Eleonora Gugliotta, 26 anni, originaria di Capo d’Orlando (Messina), ottiene il diploma di laurea triennale all’Accademia di Belle Arti di Palermo nel corso di Graphic Design. Attualmente sta terminando il biennio specialistico di Decorazione presso l'Accademia di Belle Arti di Brera a Milano.
Il suo primo orientamento maturo all'arte contemporanea avviene attraverso la fotografia che si mostra per lei come esigenza di approccio a nuovi strumenti e tecniche, diversi da quelli pittorici, da cui era partita studiando decorazione pittorica. Eleonora precisa però «Mi servo della fotografia quando lo ritengo lo strumento più idoneo a soddisfare le esigenze di un determinato progetto artistico, altrimenti sfrutto la pittura nelle sue più diverse forme, l’istallazione, la performance, l'intervento urbano, la video-art ecc».

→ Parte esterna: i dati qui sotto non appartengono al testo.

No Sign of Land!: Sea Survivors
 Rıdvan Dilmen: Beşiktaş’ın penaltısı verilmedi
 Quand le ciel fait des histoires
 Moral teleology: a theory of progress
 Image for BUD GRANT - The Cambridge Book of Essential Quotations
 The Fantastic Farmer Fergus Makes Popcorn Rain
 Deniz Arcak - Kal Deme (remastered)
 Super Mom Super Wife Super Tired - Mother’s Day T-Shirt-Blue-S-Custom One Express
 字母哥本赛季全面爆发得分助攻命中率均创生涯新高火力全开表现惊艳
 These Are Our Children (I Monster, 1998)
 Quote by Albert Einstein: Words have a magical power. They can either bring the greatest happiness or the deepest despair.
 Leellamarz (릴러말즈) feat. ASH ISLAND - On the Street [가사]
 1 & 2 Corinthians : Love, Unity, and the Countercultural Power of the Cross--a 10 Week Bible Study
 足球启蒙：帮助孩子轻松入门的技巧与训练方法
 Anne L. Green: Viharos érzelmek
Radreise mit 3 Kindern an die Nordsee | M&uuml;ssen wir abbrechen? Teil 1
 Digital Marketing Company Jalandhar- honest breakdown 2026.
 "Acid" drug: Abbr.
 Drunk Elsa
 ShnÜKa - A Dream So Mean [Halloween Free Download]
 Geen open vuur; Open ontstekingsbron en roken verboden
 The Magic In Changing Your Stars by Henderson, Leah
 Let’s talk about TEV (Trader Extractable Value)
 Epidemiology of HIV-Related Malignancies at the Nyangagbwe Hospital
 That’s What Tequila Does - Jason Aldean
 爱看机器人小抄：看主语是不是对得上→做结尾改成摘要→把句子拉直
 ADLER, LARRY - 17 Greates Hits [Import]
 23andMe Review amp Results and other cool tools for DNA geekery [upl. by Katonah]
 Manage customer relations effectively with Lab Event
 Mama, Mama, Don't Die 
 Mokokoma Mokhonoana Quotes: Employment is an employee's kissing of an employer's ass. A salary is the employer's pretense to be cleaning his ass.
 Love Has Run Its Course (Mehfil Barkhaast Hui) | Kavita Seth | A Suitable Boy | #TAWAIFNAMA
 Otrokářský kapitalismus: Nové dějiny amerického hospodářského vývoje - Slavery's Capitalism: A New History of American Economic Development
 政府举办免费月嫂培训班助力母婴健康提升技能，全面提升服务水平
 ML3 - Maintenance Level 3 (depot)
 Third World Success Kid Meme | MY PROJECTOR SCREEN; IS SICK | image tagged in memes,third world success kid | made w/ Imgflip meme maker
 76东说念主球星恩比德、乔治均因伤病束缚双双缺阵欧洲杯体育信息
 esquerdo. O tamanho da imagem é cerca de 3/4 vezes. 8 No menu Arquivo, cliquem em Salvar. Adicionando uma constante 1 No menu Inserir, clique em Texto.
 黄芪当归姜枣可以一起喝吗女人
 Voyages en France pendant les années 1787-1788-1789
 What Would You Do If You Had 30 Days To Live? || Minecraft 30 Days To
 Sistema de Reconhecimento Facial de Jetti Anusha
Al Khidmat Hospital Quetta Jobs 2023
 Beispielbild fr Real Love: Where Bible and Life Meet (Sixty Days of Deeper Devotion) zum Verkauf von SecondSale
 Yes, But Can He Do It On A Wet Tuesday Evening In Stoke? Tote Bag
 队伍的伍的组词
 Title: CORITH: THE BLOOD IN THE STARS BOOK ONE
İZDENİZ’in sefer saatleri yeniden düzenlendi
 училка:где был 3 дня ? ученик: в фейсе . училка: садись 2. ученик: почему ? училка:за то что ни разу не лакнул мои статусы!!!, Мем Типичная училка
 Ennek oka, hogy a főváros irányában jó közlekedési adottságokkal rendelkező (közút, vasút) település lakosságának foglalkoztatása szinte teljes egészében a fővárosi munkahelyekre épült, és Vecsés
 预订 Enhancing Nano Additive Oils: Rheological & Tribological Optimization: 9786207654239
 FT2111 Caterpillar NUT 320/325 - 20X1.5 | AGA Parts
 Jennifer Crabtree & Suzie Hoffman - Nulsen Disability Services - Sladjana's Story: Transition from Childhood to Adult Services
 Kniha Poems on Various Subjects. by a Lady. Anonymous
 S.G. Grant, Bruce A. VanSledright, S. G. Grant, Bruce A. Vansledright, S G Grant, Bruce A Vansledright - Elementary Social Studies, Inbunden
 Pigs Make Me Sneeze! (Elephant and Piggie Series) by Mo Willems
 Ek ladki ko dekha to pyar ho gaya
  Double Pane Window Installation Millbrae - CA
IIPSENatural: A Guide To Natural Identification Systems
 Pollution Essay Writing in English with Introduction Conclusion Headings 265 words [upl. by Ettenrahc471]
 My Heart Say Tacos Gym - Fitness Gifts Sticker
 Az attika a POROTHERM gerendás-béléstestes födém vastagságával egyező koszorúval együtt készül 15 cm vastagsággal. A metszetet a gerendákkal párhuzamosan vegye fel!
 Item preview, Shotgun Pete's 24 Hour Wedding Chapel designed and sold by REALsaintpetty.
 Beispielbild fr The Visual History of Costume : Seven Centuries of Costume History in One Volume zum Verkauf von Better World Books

Il suo lavoro può rientrare nel genere della Trash Art, ma molto spesso è concettuale e metafisico al tempo stesso. Evocativo e ironico, indaga l’interiorità degli individui, riflette in particolare sul processo di sofferenza, di crescita, di cambiamento, di violenza, repulsione e istintività a cui è sottoposto l'uomo durante le varie fasi della vita.
Tema caro alla Gugliotta, è quello sociale. Ed è proprio questo ad essere maggiormente trattato con quel tocco di ironia che, nel porsi come provocazione, ne alleggerisce i toni.
Si può notare come nella ricerca dell'artista si trovi la costante del colore che maggiormente viene rappresentato attraverso fili di lana, materiale da lei frequentemente utilizzato nelle sue istallazioni e interventi urbani. Il suo strettissimo rapporto col colore è probabilmente legato alla sua terra di origine, non tanto per le caratteristiche visive che esercita un luogo come la Sicilia, quanto per lo spirito e l'energia che appartengono a quella terra. La composizione “carica” dei suoi lavori ricorda le tendenze del Noveau Realisme di grande stimolo per lei, che dichiara di prediligere «un'opera Kitch ad una raffinata opera minimale o di pura sensibilità pittorica».

2015 - Rassegna “FISAD, Festival Internazionale delle Scuole d’Arte e Design”, Accademia Albertina, Torino;
2015 - Collettiva “Nutrimento Urbano”, MostraMiArt, Milano;
2014 - Performance per documentario “Athos Collura: Ogni sogno infranto”, progetto di Città metropolitana di Milano;
2014 - Collettiva “Caleidoscopio, Molteplici visioni del contemporaneo”, Ecomuseo del Mare - Sant'Erasmo, Palermo.